Hidimba — Hiḍimba — was a man-eating rakshasa of the deep forest who appears early in the Mahabharata, during the years the Pandavas spent in hiding after their escape from the burning lacquer house. His death at the hands of Bhima is brief, but it sets in motion one of the epic’s most consequential marriages and births.
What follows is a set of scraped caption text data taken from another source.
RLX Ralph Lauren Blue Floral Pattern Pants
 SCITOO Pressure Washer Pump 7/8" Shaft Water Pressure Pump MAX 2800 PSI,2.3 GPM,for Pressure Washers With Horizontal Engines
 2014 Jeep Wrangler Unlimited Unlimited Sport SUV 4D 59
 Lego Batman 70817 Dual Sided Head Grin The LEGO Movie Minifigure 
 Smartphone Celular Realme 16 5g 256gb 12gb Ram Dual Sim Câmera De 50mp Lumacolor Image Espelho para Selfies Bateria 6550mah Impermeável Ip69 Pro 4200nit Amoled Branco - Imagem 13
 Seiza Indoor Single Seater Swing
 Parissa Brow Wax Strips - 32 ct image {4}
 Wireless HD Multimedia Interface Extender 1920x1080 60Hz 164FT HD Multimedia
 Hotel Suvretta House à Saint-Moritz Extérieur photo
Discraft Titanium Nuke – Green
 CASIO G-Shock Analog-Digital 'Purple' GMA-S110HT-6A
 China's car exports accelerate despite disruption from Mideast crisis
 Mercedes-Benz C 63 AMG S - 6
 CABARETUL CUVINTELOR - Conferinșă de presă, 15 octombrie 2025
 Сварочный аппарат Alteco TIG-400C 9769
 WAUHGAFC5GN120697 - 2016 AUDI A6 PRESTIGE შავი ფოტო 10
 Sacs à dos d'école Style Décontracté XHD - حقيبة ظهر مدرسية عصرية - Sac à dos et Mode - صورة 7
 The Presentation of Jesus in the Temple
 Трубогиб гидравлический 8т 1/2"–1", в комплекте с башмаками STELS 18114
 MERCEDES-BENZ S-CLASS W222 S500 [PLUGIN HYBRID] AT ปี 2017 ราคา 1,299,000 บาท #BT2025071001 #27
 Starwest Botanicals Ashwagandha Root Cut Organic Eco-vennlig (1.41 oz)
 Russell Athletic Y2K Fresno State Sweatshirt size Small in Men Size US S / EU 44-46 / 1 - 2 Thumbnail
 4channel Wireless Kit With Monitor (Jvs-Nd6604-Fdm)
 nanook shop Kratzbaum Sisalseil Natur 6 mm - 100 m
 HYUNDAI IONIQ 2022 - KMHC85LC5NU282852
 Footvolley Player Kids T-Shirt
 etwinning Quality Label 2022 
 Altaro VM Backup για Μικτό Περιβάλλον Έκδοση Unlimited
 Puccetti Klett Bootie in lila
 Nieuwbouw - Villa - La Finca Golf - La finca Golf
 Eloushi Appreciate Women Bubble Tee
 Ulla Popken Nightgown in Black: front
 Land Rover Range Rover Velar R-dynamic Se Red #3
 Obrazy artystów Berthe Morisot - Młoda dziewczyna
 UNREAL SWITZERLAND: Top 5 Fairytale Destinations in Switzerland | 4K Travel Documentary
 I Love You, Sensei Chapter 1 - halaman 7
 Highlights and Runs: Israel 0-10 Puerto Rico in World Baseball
The Cannibal of the Sal Forest
Hidimba lived in a forest of sal trees with his sister Hidimbi, feeding on travellers who strayed into his domain. When the exhausted Pandavas and their mother Kunti lay sleeping under his trees — with only Bhima keeping watch — Hidimba scented human flesh and sent his sister to lure them out. But Hidimbi, seeing the powerful and handsome Bhima awake in the moonlight, fell in love instead. She approached him not as bait but as a woman, warning him of her brother and offering to carry the sleeping family to safety.
The Wrestling Death
Enraged by his sister’s betrayal, Hidimba burst from the trees. Bhima, unwilling to wake the others, met him hand to hand so the noise of weapons would not disturb their sleep. The two giants wrestled with such violence that they uprooted trees and tore the earth, dragging their struggle far from the camp. In the end Bhima — strongest of all mortals, son of Vayu the wind-god — lifted the rakshasa overhead, broke his back, and flung the body down. Hidimba died as he had lived, in the savagery of the wild wood.
The Marriage and the Heir
With her brother dead, Hidimbi pressed her suit. Kunti and the eldest brother Yudhishthira consented to a temporary marriage on one condition — that Bhima would remain with her only until she bore a son, then return to his brothers. From that union came Ghatotkacha, the heroic half-rakshasa giant who would one day die saving Arjuna in the great war at Karna’s hands. So the killing of one rakshasa produced, through his grieving sister, one of the war’s most tragic and selfless heroes.
Hidimba in Memory
Though Hidimba himself is a minor monster — one of the many forest-demons the Pandavas overcome — his name survives chiefly through what his death made possible. His sister Hidimbi is worshipped as a goddess in the Himalayan town of Manali, where the ancient Hadimba Devi temple stands; the cannibal brother thus left, by way of his sister and his nephew, a far longer shadow than his short scene in the epic would suggest.